FICO launched an analytic advance that substantially improves lenders’ ability to identify borrowers at risk of strategic default on mortgages.

The analytics provider is now consulting with mortgage lenders to offer custom analytic solutions for their mortgage portfolios. This would allow these originators to take preventative action and limit the costly effect of strategic defaults.

A strategic default is when a borrower who has the capacity to make mortgage payments chooses to default, usually because the property value is less than the mortgage’s outstanding principal.

Lenders have traditionally utilized the degree of home price depreciation to predict strategic defaults. However, new FICO Labs research showed that borrowers whose homes have lost the most value are only two times as likely to default as those whose houses have lost the least value. By using custom analytic models, FICO Labs researchers have shown the ability to identify borrowers who are over 100 times more probable to strategically default versus others.

Additionally, FICO Labs researchers have also found that strategic defaulters as a group are usually more savvy managers of their credit compared with the general population, with higher FICO® Scores, lower revolving balances, fewer instances of exceeding limits on their credit cards and lower retail credit card usage. This means that strategic defaulters have shown a different type of credit behavior versus distressed consumers who miss payments.

“Mortgage payment patterns have shifted, and some borrowers are intentionally defaulting on their mortgages because they believe it is in their best financial interest, and because they believe the consequences will be minimal,” said Dr. Andrew Jennings, chief analytics officer at FICO and head of FICO Labs. “Before mortgage servicers can work effectively with potential strategic defaulters, they must first be able to identify them. Our new research shows it is possible for servicers to find those at greatest risk of strategic default, both to prevent losses and to prevent borrowers from making a decision that will damage their credit future.”

Experts said that the persisting mortgage sector weakness is driving more strategic defaults. Studies from the University of Chicago Booth School of Business showed that in September 2010, 35% of mortgage defaults were strategic, increasing from 26% in March 2009.

Meanwhile, CoreLogic's March 2011 study showed that the number of residential mortgages with negative equity totaled 11.1 million in 4Q10, or 23.1% of all residential mortgages in the U.S., rising from 22.5% in 3Q10.

The FICO Labs team built strategic default analytics that test the ability to rank-order both current and delinquent borrowers in terms of their likelihood of strategically defaulting on their mortgage. These custom models separated borrowers into high versus low strategic default risk bands. Among current borrowers (i.e., those not delinquent on any loans):

The riskiest borrowers are 110 times more likely to strategically default versus the least risky borrowers. The riskiest 20% of borrowers comprised 67% of those who later committed a strategic default. In short, FICO said that a servicer could reach two-thirds of those who would commit strategic default by focusing on just 20% of its borrowers.
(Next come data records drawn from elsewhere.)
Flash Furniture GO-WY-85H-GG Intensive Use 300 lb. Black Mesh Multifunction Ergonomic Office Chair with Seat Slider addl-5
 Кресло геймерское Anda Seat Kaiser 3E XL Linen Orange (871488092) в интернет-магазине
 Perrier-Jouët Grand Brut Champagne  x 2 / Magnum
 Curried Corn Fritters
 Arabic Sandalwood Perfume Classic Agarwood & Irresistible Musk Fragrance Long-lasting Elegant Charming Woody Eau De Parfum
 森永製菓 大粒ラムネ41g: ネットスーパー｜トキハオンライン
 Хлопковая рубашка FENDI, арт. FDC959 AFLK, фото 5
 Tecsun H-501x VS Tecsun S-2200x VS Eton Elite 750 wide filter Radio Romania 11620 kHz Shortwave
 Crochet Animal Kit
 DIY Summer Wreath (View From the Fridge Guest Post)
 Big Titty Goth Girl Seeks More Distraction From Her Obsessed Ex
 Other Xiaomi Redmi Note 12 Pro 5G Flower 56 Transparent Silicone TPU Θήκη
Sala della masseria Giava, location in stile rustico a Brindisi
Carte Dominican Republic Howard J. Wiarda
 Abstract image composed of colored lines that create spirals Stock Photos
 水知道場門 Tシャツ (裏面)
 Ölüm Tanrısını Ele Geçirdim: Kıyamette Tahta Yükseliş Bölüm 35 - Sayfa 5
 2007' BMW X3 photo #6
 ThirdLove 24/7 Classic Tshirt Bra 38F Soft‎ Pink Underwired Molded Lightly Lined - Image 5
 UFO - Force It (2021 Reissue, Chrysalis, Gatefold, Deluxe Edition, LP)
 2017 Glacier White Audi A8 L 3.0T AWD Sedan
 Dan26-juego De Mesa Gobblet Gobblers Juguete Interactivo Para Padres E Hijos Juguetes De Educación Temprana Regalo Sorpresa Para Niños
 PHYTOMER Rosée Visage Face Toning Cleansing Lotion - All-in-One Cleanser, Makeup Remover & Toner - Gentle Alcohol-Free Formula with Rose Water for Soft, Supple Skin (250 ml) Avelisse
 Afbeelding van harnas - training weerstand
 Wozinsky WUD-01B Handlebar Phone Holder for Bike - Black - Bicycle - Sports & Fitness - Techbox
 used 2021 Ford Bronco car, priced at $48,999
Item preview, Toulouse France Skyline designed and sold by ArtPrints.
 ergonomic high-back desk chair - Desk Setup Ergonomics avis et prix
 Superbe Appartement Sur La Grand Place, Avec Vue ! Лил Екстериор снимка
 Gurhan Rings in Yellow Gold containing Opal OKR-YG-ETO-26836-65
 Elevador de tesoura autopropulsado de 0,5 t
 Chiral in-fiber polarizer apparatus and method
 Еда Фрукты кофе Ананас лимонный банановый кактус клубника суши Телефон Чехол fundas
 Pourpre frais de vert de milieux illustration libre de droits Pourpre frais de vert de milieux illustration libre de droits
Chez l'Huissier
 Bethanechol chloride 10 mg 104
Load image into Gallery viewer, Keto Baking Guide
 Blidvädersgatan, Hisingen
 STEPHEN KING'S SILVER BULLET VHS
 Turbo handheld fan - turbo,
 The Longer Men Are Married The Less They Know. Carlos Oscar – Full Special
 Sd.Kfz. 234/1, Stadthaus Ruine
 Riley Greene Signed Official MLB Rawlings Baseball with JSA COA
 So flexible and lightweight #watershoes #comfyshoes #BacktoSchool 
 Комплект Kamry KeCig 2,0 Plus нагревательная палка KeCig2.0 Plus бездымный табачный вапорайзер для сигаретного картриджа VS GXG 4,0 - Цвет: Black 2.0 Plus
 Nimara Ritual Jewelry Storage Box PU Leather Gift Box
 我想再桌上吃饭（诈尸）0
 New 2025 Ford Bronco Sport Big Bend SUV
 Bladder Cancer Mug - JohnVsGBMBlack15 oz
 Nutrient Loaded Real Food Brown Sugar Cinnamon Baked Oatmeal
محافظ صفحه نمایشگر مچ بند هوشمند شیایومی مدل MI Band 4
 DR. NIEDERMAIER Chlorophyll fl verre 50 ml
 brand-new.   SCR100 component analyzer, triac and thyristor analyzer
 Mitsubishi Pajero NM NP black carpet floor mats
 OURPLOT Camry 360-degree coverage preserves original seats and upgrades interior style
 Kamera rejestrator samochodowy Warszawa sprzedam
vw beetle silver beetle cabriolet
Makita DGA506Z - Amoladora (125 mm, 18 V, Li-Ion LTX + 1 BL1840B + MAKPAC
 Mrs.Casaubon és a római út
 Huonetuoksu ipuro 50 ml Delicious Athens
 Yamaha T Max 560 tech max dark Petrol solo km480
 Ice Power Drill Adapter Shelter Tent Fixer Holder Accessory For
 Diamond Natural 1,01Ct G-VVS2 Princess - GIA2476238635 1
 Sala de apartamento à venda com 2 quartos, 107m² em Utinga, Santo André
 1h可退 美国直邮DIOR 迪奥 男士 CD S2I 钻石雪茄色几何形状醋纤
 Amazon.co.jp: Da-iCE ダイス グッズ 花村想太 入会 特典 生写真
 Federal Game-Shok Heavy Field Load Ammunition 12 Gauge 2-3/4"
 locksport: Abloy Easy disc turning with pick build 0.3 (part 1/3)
“The ability to spot likely strategic defaulters before delinquency enables servicers to intervene early,” Jennings said. “Strategic defaults are bad for lenders and investors, they’re bad for the homeowners who elect to default, and they’re bad for neighborhoods and cities. Preventing them is in the interests of everyone involved.”

Additional details about the FICO Labs research findings have been published in a new white paper called Predicting Strategic Default.